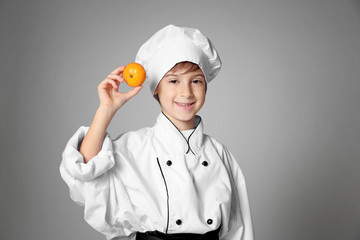 Cute boy in chef uniform on color background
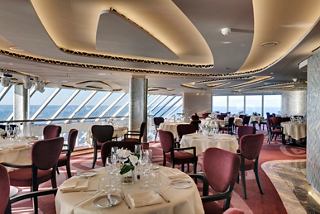 Elegant dining setup in the MSC Yacht Club Restaurant with panoramic sea views | MSC Cruises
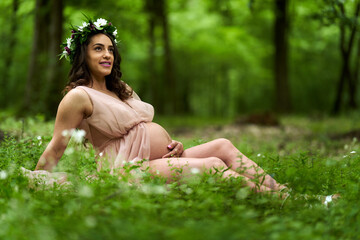Naklejka na ściany i meble Beautiful latino pregnant woman in the forest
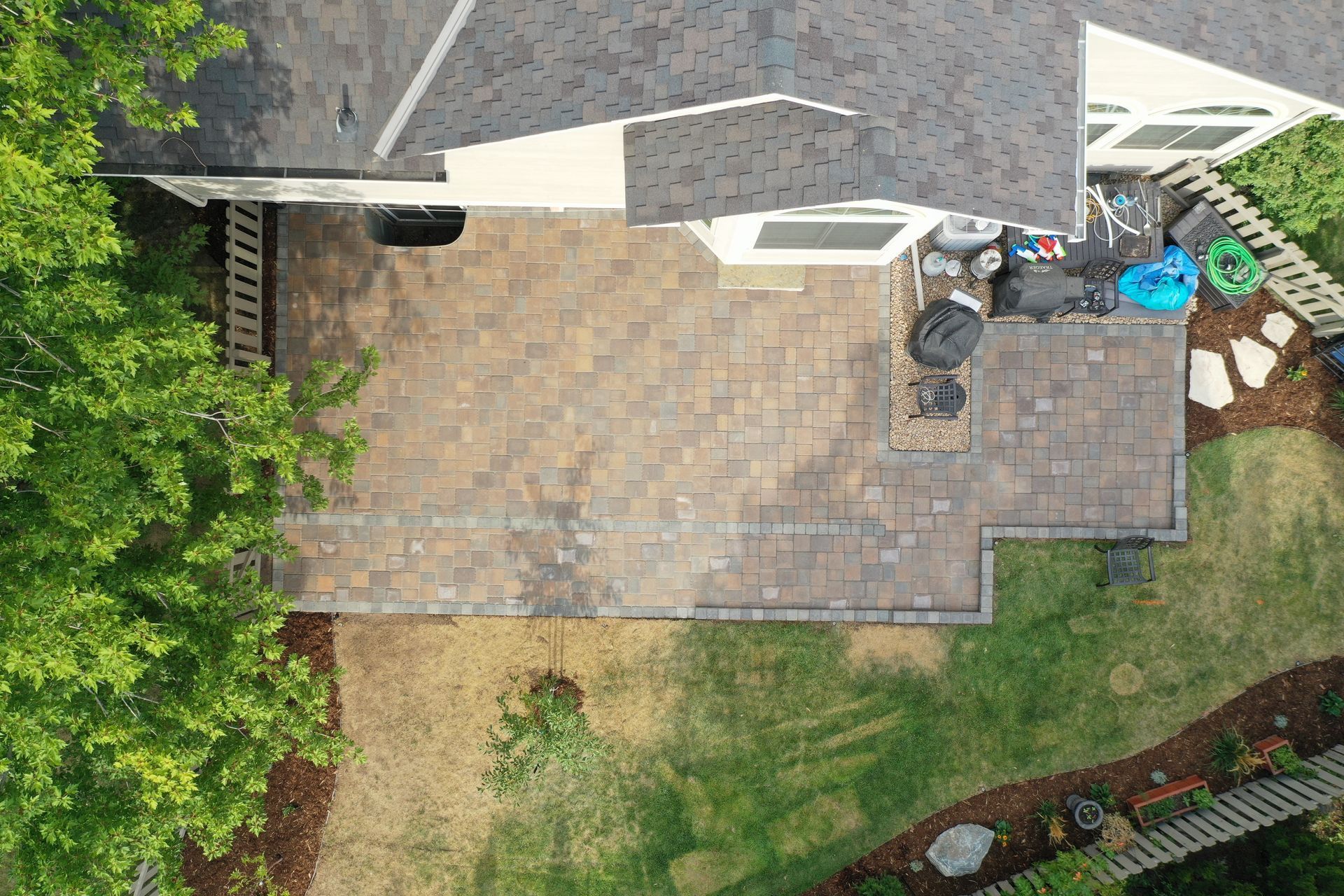 Overhead view of a house with a brick patio, green lawn, and surrounding trees.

_____

▶ **WORK TASK**
Beginning at the line that contains "Naklejka na ściany" and ending at the last line of the data, return each line exactly; no picture belongs in the copy.

▶ **OUTPUT FOR THIS TASK**
Naklejka na ściany i meble Beautiful latino pregnant woman in the forest
 Overhead view of a house with a brick patio, green lawn, and surrounding trees.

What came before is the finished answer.